Introducing, the Dead-Sexiest, Most Savage Blogger on the Net

I’m going to let everyone in on my world, and how dead fucking sexy I am. What did I do today? What am I going to do tonight? What the fuck is wrong with me?

Hopefully, I’ll answer all those questions for you right here and now.

Early this morning, I woke up and played guitar. I haven’t played in a while, but my recent rock and roll posts have fired me up, I guess. Don’t expect to see me at the Hollywood Kewl Klub Open Mic Night, though. I haven’t played at a bar for a while, I think I needed some seasoning.

Here, I am playing, “Stairway to Heaven,” by Prince.


Then, my goddamn dog Chompy Dinosaur was bitching and whining at me, that I never pay enough attention to her. I took her to the dog park, and down Main Street, where I see movie stars, celebrities, and crack bums on the reg.



Some movie stars I have seen, within ice-cream cone throwing distance on Main Street, Santa Monica.

The Hoff, Max’s Dad from Rushmore



Later tonight, I will take 2 showers back to back, iron my clothes, comb my hair, and get ready to go to the club, where I will dance and party the night away.

This is me, getting my hair done, and getting ready for the club.


Later in the night, I will do a combination of the following things. First, I will eat a big crack rock. Then I will drink a half a bottle of Jack Daniels. Then, if I am up for it, I might get a big pizza and eat just the cheese on top, and give the rest to my dog. Here I am on the roof of my apartment, getting ready to jump across the alley to the next building.

Me, up top.


After that, go to the club and party the night away. When I get home, I’ll be tired, but I’ll probably need some beer to calm my nerves.
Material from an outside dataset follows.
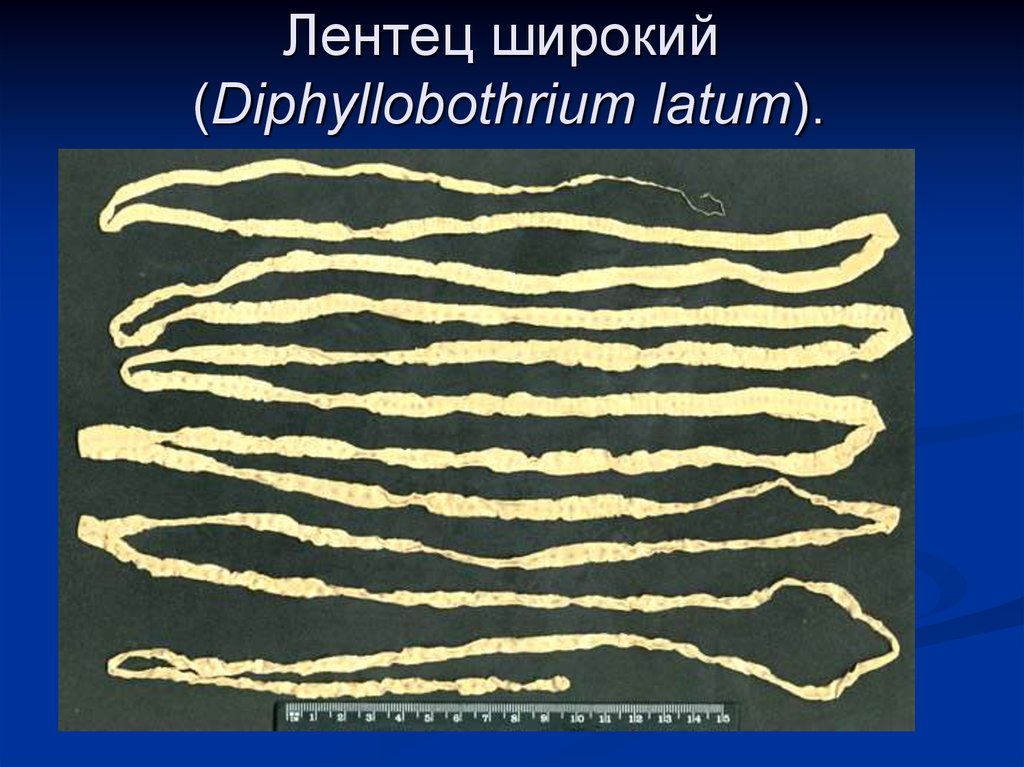 Ленточный червь длина. Ленточный червь лентец. Ленточный червь широкий лентец. Широкий лентец (Diphyllobothrium latum). Дифиллоботриоз (возбудитель — лентец широкий)..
Here’s me on my way to bed.


There you have it folks. Now you know why I didn’t initially want to put my pretty face up on this bitch, because I knew it was instantaneously cause a massive, worldwide WWW Internet shut down, as billions of people flock to the same site to get a glimpse…get ready for the real Y2K disaster.
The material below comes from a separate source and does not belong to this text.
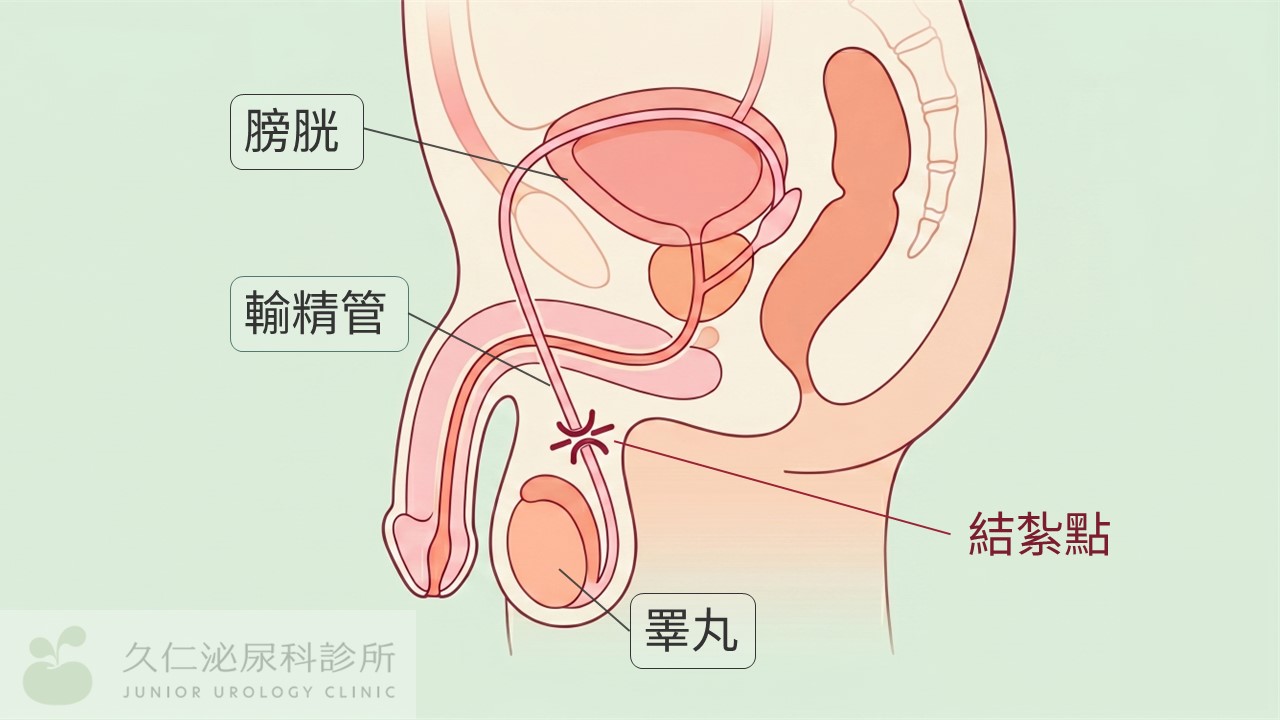 男性結紮（輸精管結紮手術）解剖示意圖：膀胱、輸精管走向與結紮位置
Lady T is not in the pictures because she’s taking them. I don’t know if she wants her mug on the blog either.


2 Responses to “Introducing, the Dead-Sexiest, Most Savage Blogger on the Net”

  1. 1 dankknuggets June 4, 2007 at 9:21 am

    it seems some of your pictures are distorted.
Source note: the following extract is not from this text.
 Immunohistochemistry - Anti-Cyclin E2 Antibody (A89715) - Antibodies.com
    the only true likeness is in the portrait of you wearing leather jacket and black speedo.

    for the sake of our integrity, we cannot mislead our millions of readers in their quest to put faces to our totally radical blogginess.

  2. 2 suityourself June 7, 2007 at 3:51 pm

    best post yet — bar none. this, my friend, takes juevos grandes. i’ll be counting the seconds until the www shutdown.